REQUIRED WORK => Nothing in the data should change when you return it, but leave the pictures out.

DATA BELOW =>
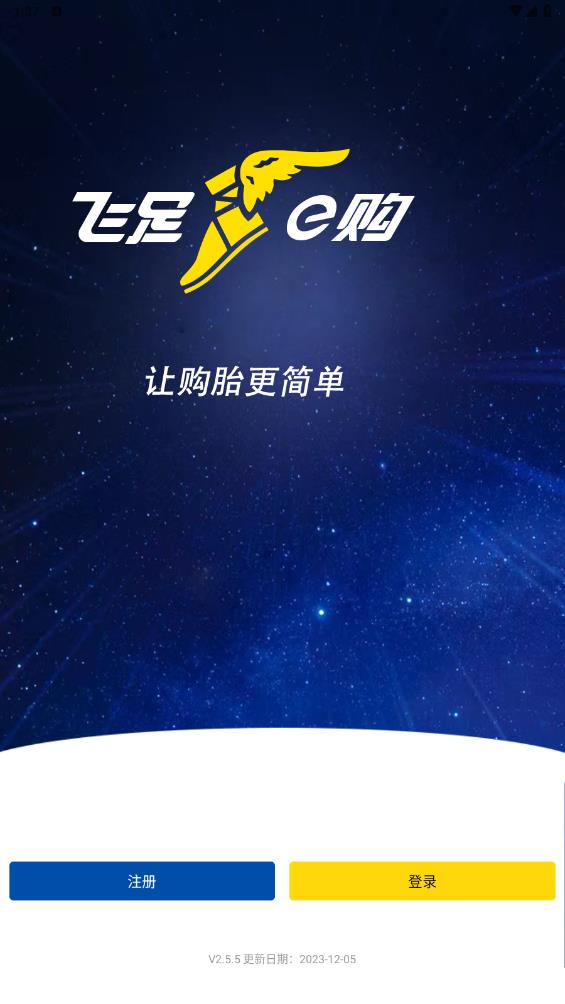 飛足e購官方版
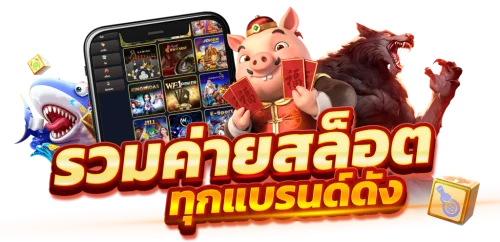ติดต่อ MVP369 ทีมงานคนไทย พร้อมช่วยเหลือ 24 ชม.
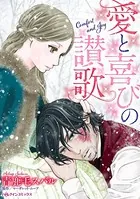 愛と喜びの讃歌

WRITTEN RESPONSE =>
 飛足e購官方版
ติดต่อ MVP369 ทีมงานคนไทย พร้อมช่วยเหลือ 24 ชม.
 愛と喜びの讃歌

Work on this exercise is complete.